When it comes to comic book films, and adaptations of comic books to the screen, there are questions about how you adapt certain comic book concepts to the screen, and as cinematic universes get more involved, there is no question that has lingered in the background more than “How do you clean up a cluttered universe?” How do you not only pull a retcon, but a big universe altering one?
Days of Future Past not only attempts to pull such a retcon, but succeeds, by creating a situation where the X-Men films can change course to a new path different from the first 3 films, while still giving credit to where the earlier films worked.
The film very loosely adapts the X-Men storyline of the same title, intercutting between an apocalyptic (lower case) future, where Mutants and their allies have nearly been wiped out by Sentinels and mutant hunting humans.
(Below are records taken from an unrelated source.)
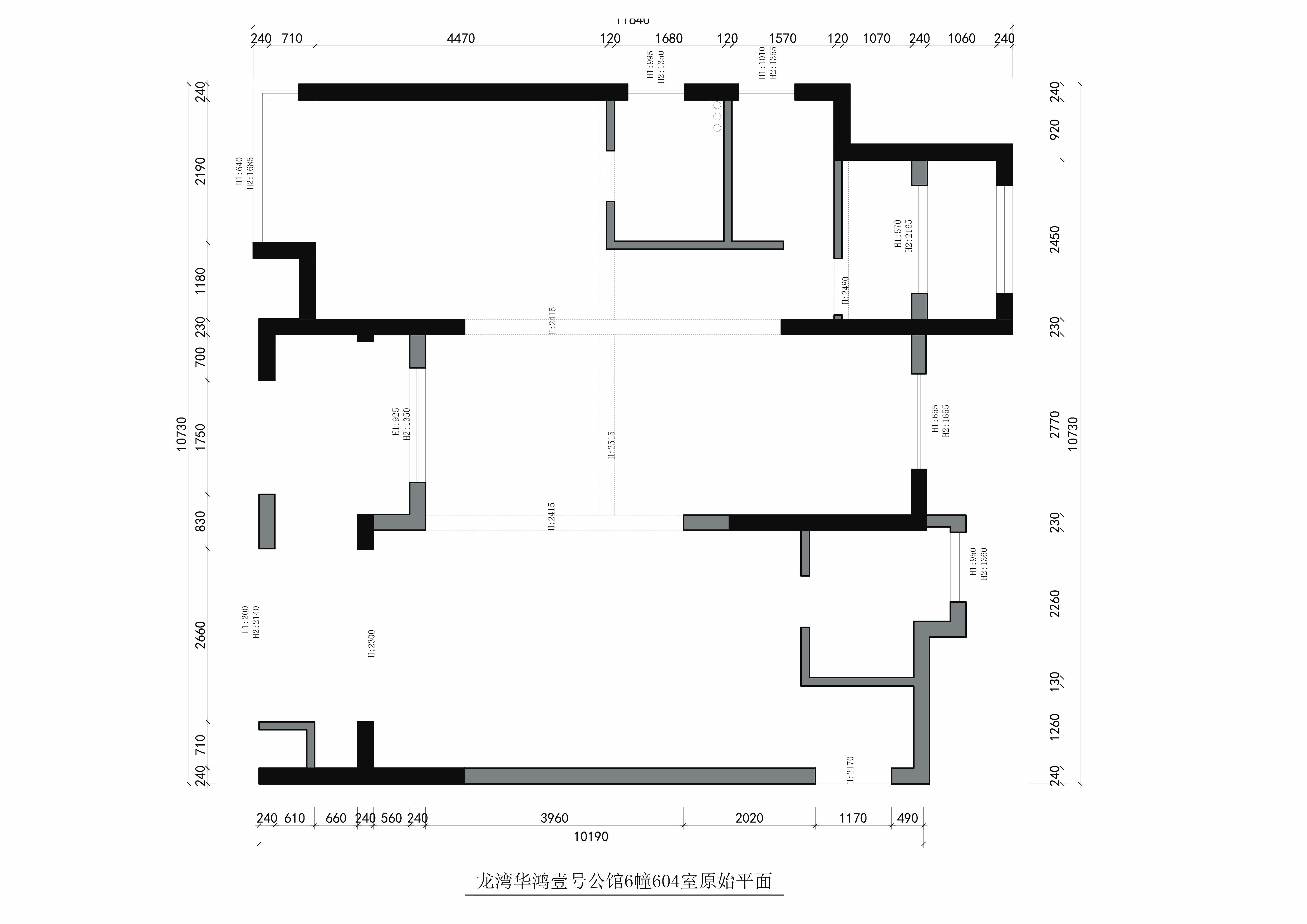 原始平面图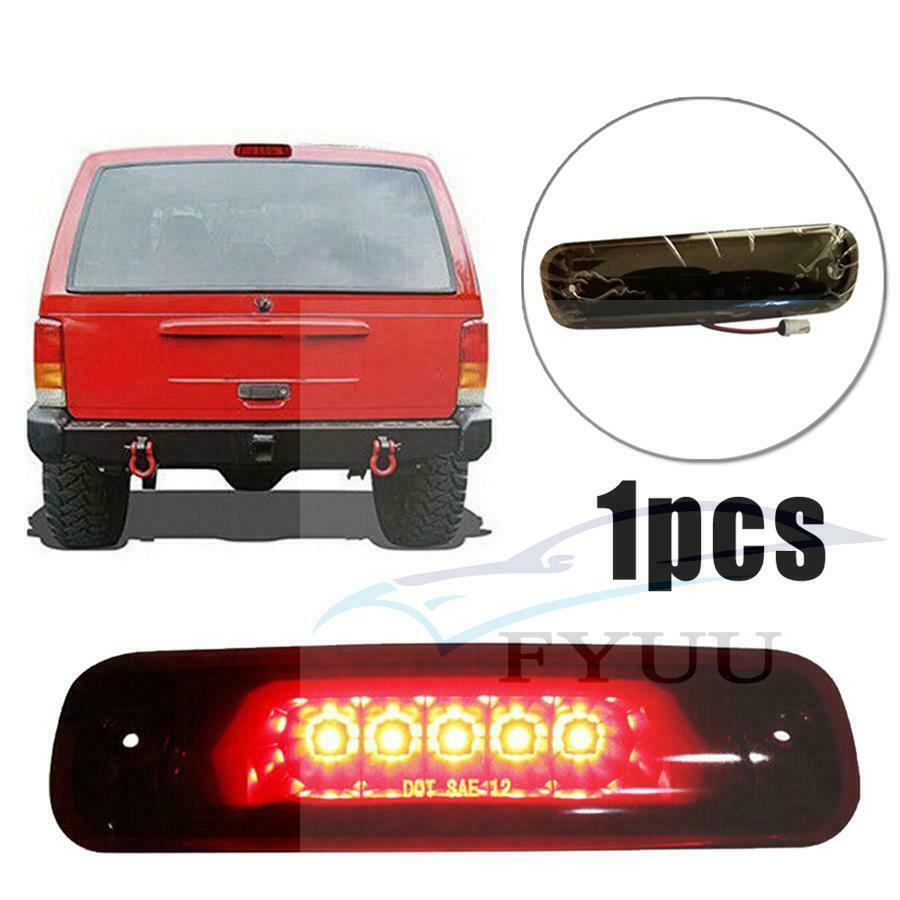 LED 3rd Third Brake Light Rear Stop Lamp Smoke Lens For 1997-01 Jeep Cherokee XJ
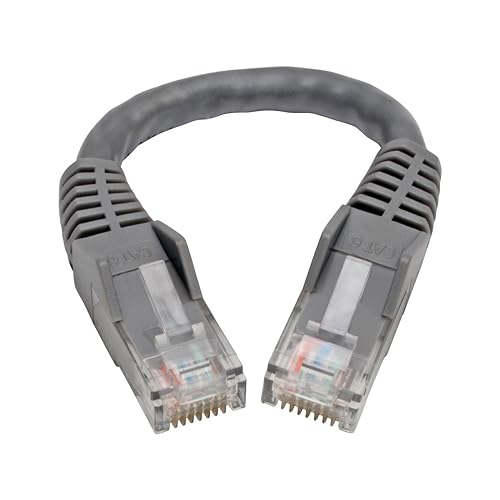 Tripp Lite N201-06N-GY Cat6 Gigabit Ethernet Snagless Molded Patch Cable 24 AWG 550MHz Premium UTP, Gray, RJ45 M/M 6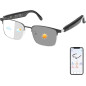 AI Smart Glasses with Real-Time 160+ Language Translation, Photochromic Lenses, Speakers & Mic, Bluetooth AI Smart Glasses with Real-Time 160+ Language Translation, Photochromic Lenses, Speakers & Mic, Bluetooth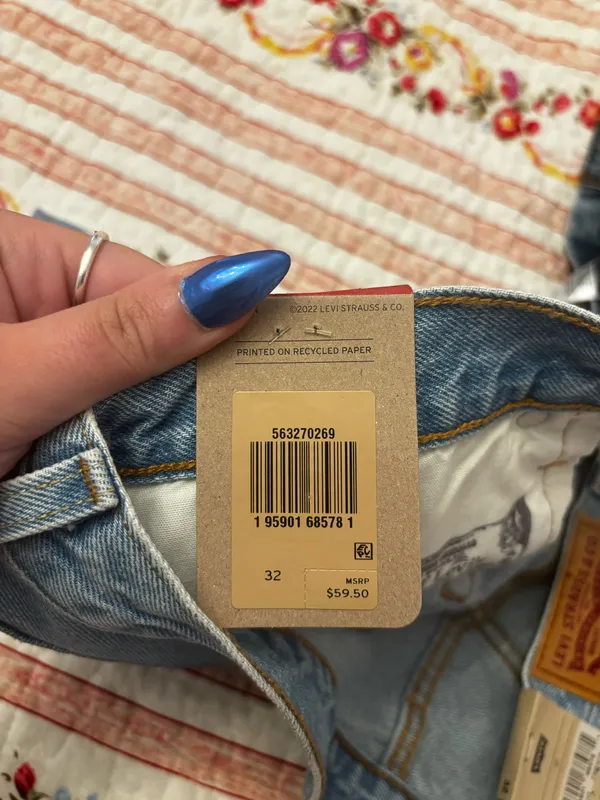 Levi’s 501 Shorts Denim - Image 4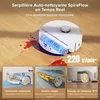 Roborock Qrevo Curv 2 FlowX, Prachový sáček, Bílá, Kulatý, Náhled obrázku produktu 7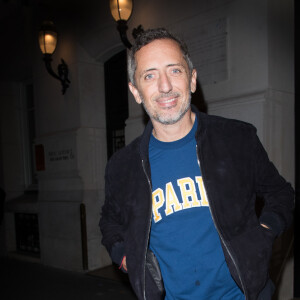 Exclusif - Gad Elmaleh - Arrivées et sorties au Lutetia "Pop Up" club où Cindy Bruna célèbre ses 25 ans, Paris le 28 septembre 2019. © Perusseau - Da Silva / Bestimage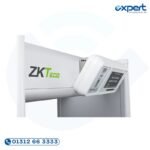ZK-D4330 multi-zone walk-through metal detector security gate with TCP-IP network interface, LED indicators, and physical keypad for commercial entry security.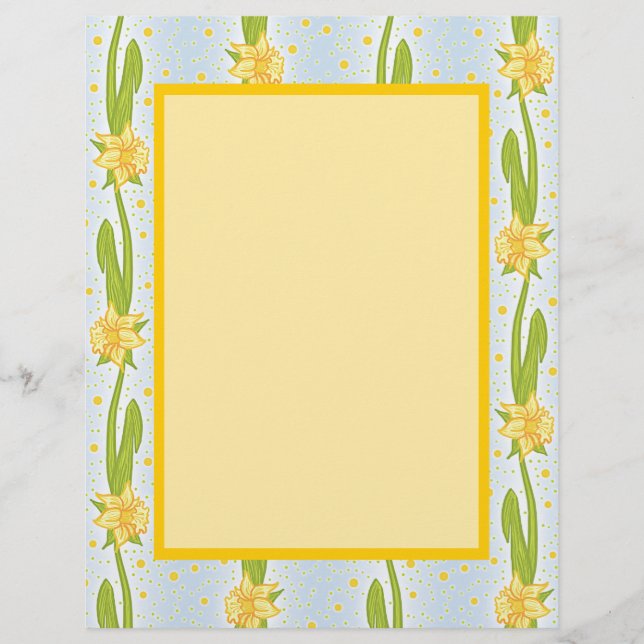 Daffodil Pattern (Vorderseite)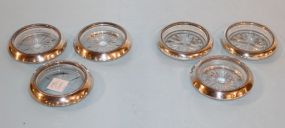Set of Six Sterling Frank Whiting Coasters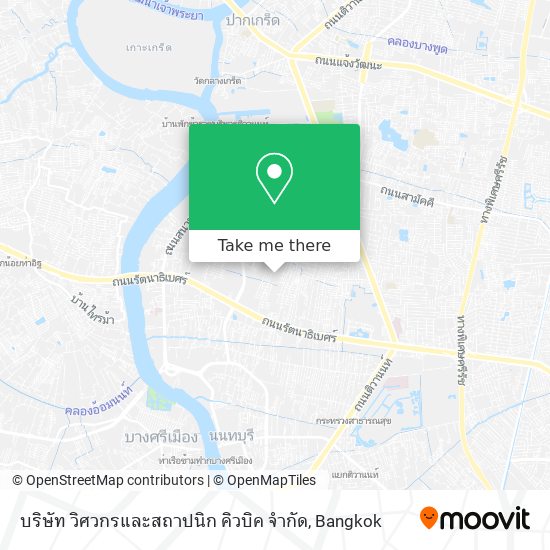 บริษัท วิศวกรและสถาปนิก คิวบิค จำกัด map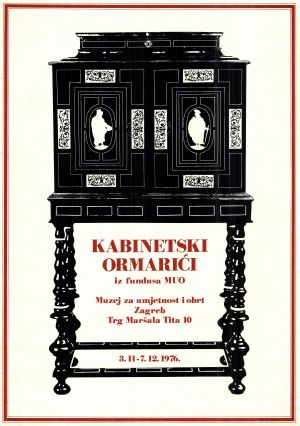 MUO-022487: KABINETSKI ORMARIĆI iz fundusa MUO: plakat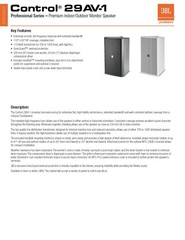 JBL Control 29AV-1 300W 8 inch Indoor/Outdoor Speaker – Black Monitor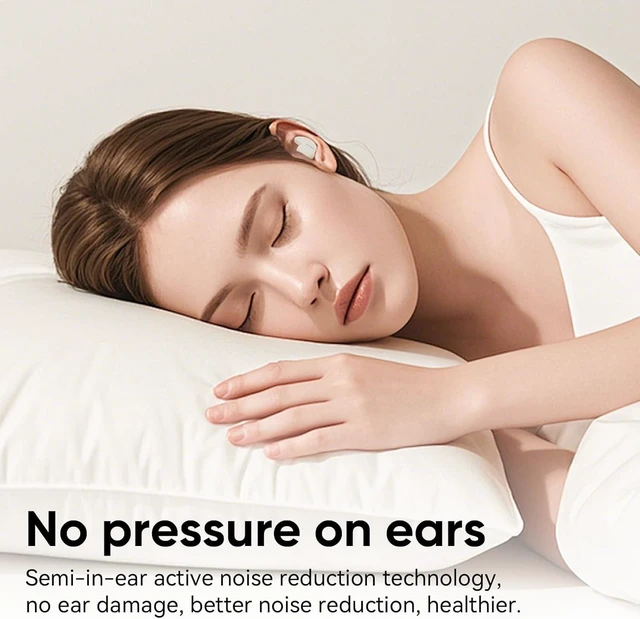 Alt view image 2 of 7 - BUGANI Sleep Earbuds for Side Sleepers, Sleep Bluetooth Headphones | Ear Buds Sleeping Wireless Bluetooth 5.4, 42H Playtime, Mini Invisible Buds for Sleeping, Hidden Earbuds for Small Ears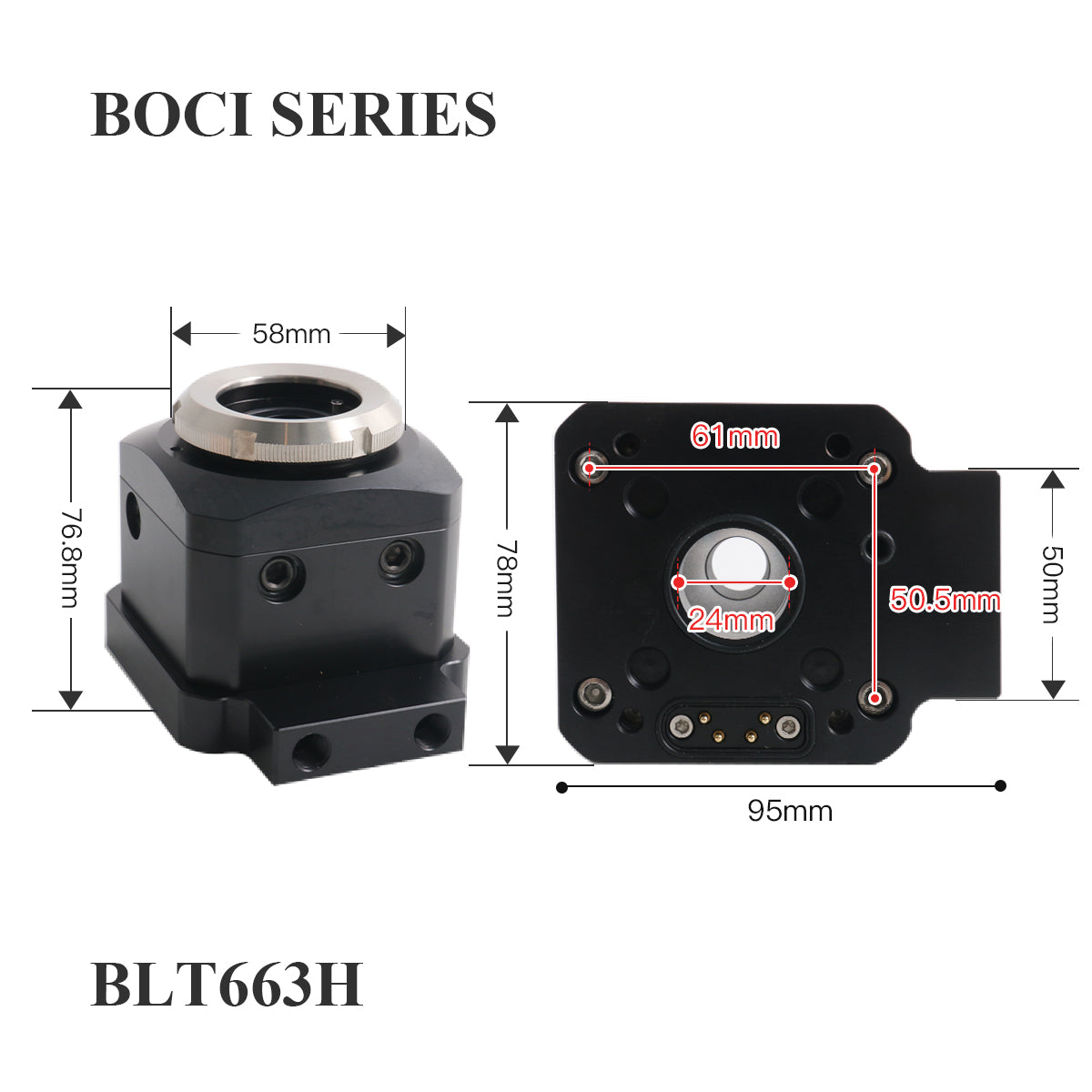 Startnow Laser Sensor Connector For BLT421/641 Boci Cutting Head Nozzle Ceramic Holder Accessory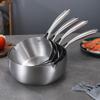 Flat Bottom Milk Pot No Coating Stew Pot Universal Stainless Steel Saucepan  Induction Cook-top
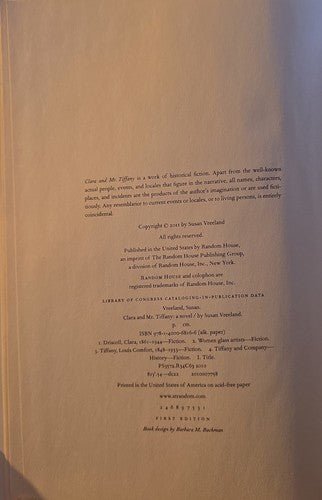 Clara and Mr. Tiffany – rare, vintage, or collectible item from Deb’s Book Paradise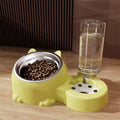 2-in-1 Auto Pet Feeder Bowl (Cage Hanging, Detachable, Large Capacity)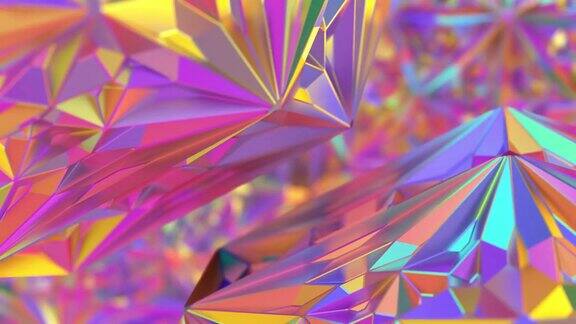抽象水晶彩虹背景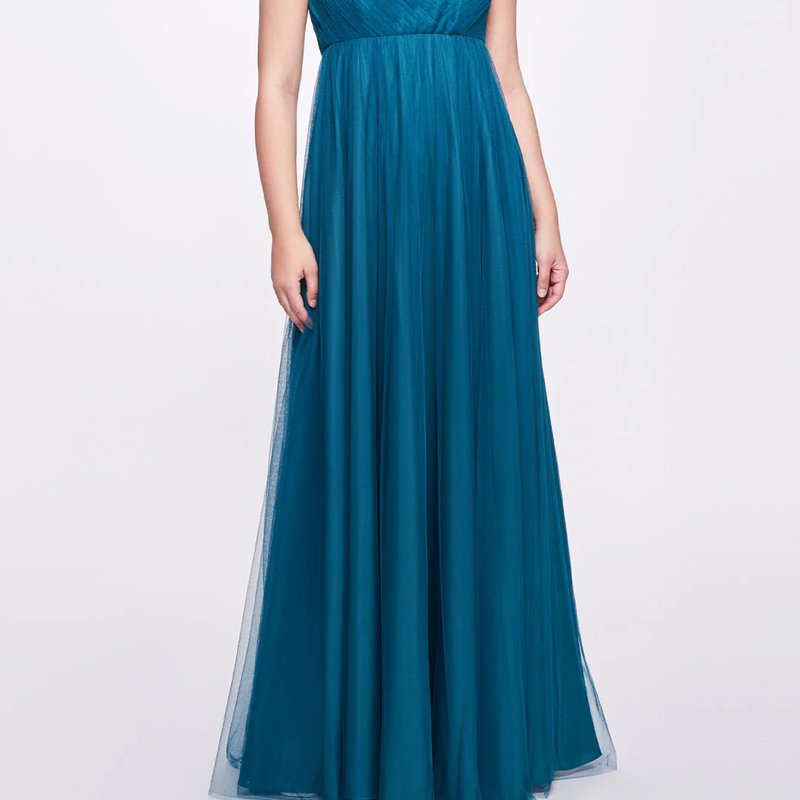 Marchesa Bridesmaids Isernia Dress In Blue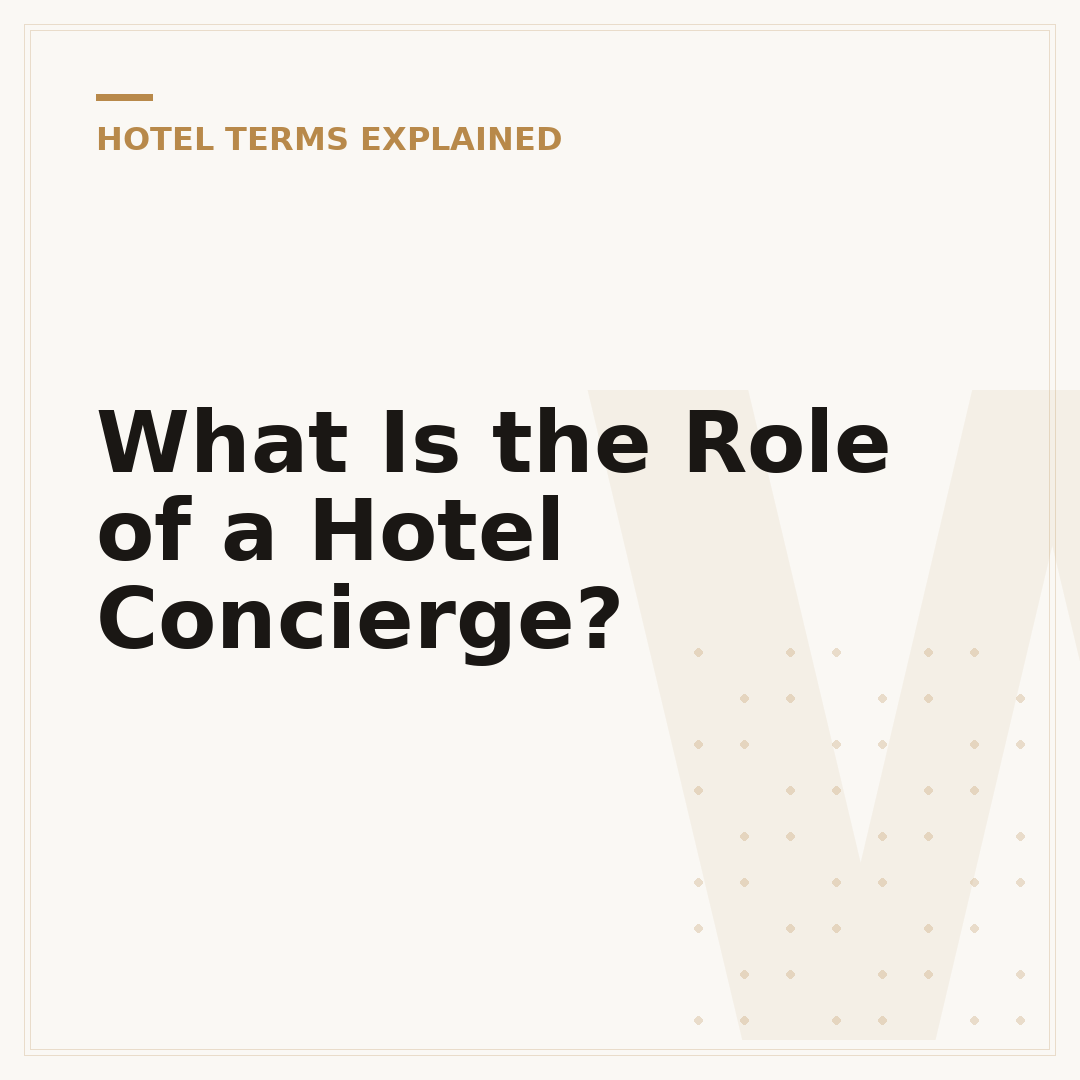 What Is the Role of a Hotel Concierge?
Defeat is only a matter of time. Charles Xavier (Patrick Stewart) and Magneto (Ian McKellen), who are working with resistance groups, come up with a desperate plan to send the mind of a mutant back to the mind of one of their past selves, in order to save the world.
This mutant would have to have their mind sent back to the late 70s, when Bolivar Trask (Peter Dinklage) is assassinated by Mystique (Jennifer Lawrence) – turning him into a martyr for the mutant hunting cause. Kitty Pryde (Ellen Page) has the ability to send the mind back in time, but the strain would be too great for Magneto or Xavier to withstand, so it falls to Wolverine (Hugh Jackman) to go back, rouse Xavier to action, and stop Mystique.
It will be a great task, as in the 70s, the Xavier Institute has been shut down, with Xavier (James MacAvoy) basically having become Achilles in his tent, having dosed himself with Beast’s (Nicholas Holt) mutation suppressant so he can walk, but in the process costing him his powers. Beast himself has effectively become Xavier’s caretaker.
Xavier is basically written as a defacto junkie who has to get clean in order to save the world through motivating others to action – which sets up the theme of Xavier and Beast’s arc, and the theme of the movie itself – where the conflict focuses on motivating people to embrace their own agency, and to inspire people action without superseding their own agency by commanding them.
As is tradition, 1970s Magneto (Michael Fassbender) represents the other side of this conflict. He seeks to take action, and has no problem cajoling others, pressuring others, or ultimately threatening others to get his way – attempting to shame Xavier through intimidation after being rescued from being imprisoned in the Pentagon, attempting to kill Mystique after her failed assassination attempt, and after he learns about the Sentinel program and Trask’s experiments on the Hellfire Club in between films, attempting to murder not only Trask, but President Nixon and his cabinet live on national television.
Wolverine could have really overpowered this film, particularly considering how much he got shoved into the spotlight in the first three movies. Thankfully, while he is certainly present here, much as with X-Men: First Class, the focus of the plot is on Xavier and Magneto, and their relationship as characters. Wolverine’s role is instead simply to push people in the right direction, and let things take their course. When the climax of the film comes around, Wolverine is combat ineffective and is taken out of action for the film’s last 15-20 minutes.
As far as the film itself fares, Brian Singer has stepped neatly into the X-Universe, and tells this story very well in the process. I did enjoy this film, and in spite of all its flaws, it has motivated me to check out Apocalypse when it comes out on home video, or if it plays at a nearby second run-theater.